Before I came over to the UK and began in earnest on ‘Modelling Play’ (we’re working on a better title) I had some idea of what the final showing in November might look like. I imagined two performers each at the ends of a long wooden table, half a dozen audience members on each side. The performers would communicate with each other across the table, telling stories of characters weaving their way through the city block that was built from bleak grey craft on the table. At the time, I thought the final scenario would probably be a city block. As the characters and their stories intertwined, the performers would play music and perhaps stand up on the table to deliver a moving monologue about…infrastructure? Public transport? Knife crime? There might be an electronic voting device in front of each audience member and the model would play out in ‘choose your own adventure’ style.

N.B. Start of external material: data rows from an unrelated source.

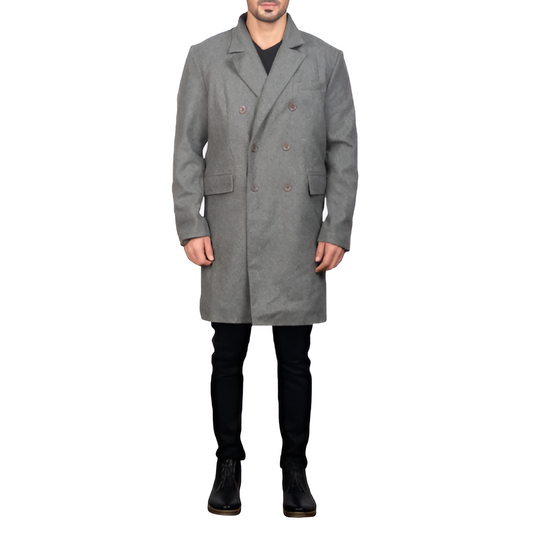 Grey Double-Breasted Overcoat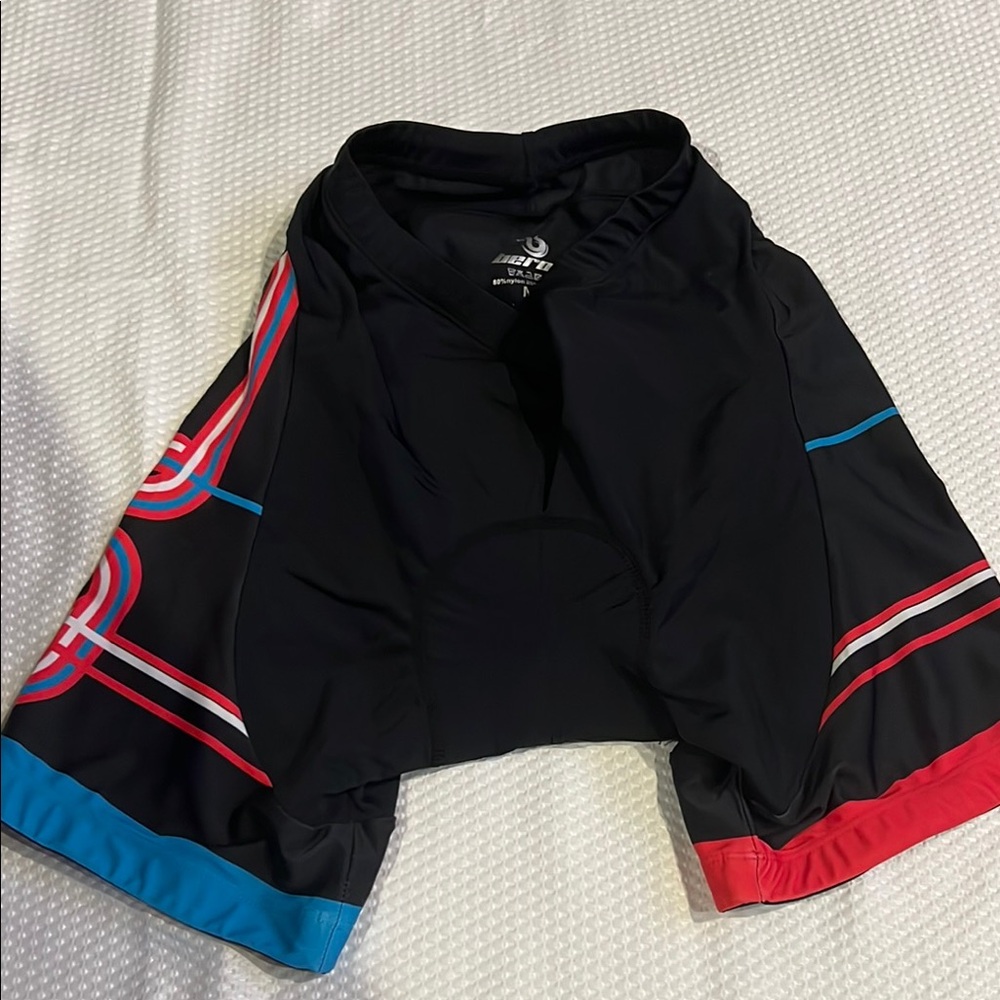 Women's Black Athletic Shorts with Red and Blue Accents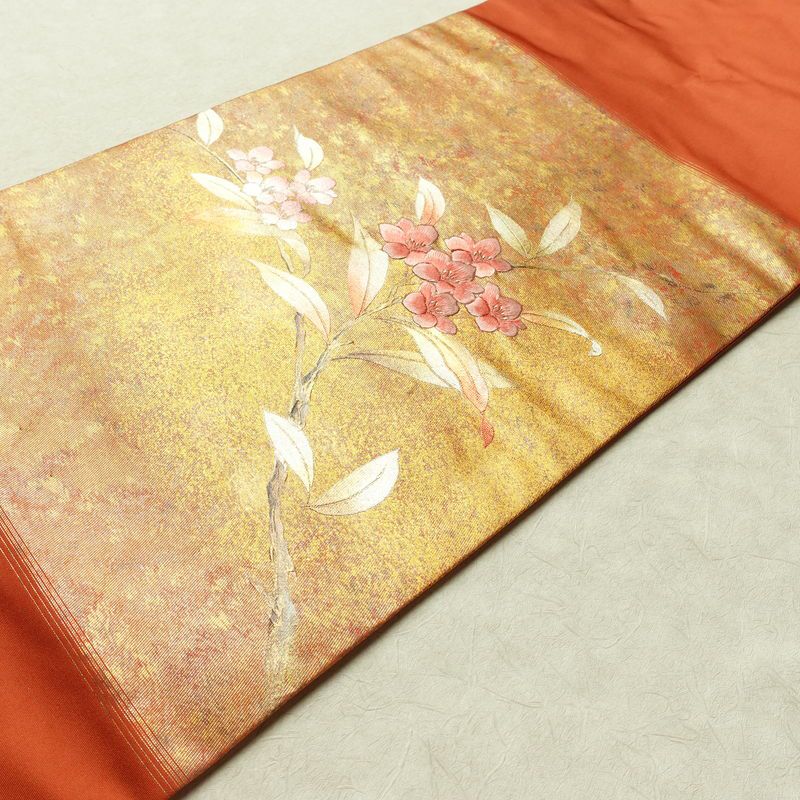 名古屋帯 太鼓柄 良品 正絹 花柄 名古屋仕立て なごや帯 リサイクル帯 帯 刺繍 箔 引箔 橙_画像12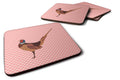 Ring-necked Common Pheasant Pink Check Foam Coasters Set of 4 Cup Coasters for Indoor Outdoor, Tabletop Protection, Anti Slip, Mouse pad Material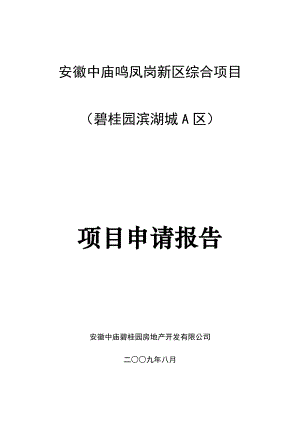 安徽巢湖中庙碧桂园滨湖城项目银行申请报告(doc 38).doc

I had a copy of David Finnigan’s research report, and some links to other articles and reports on modelling. I read them all with the blithe disregard of a Year 12 student thinking they would probably ace the HSC so why bother studying, and anyway they did well in Year 11 so they’re probably a genius. WRONG.

I’m exaggerating. I read the articles, understood most of them, and felt I had enough pieces of the puzzle to be a part of creating an interactive performance.

After a week away engaging in extracurricular activities while David, David, Nathan and Nikki kept on working, I have returned to the UCL meeting room. On Tuesday we were invited to play with a computer-based modelling program assisted by Chris Brierly (creator of program) of the UCL Environment Institute. I went in cocky and came out terrified.

So this is what a real model looks like.

It was like HSC Chemistry all over again. It was too complicated for me. I sat back as Nathan took over the reigns of setting up the program and tried to take comfort in the fact that I’m not the target audience, having no training in environmental science, IT or mathematics, and no need to predict nuances of climate.

It made me question everything we had been doing. How can we, with games and funny little character stories, even begin to communicate something about modelling to a mixed audience? Our models cannot be anywhere near as complex or accurate as the UCL demonstration, and even that model was not as complex or accurate as it could possibly be.

I started to question what an audience might get, if anything, from our watered down systems model. They might learn something about game design, about decision making…but how would we incorporate anything about the process and value of modelling?

One of the reasons this project began was to see if modelling as a practice could create and then be at the heart of an interactive performance. I spent a while mulling things over, trying to pick out what was important and what was just colouring. Colouring can be important but if that’s all there is, we might as well be colouring IN. (ka-ching).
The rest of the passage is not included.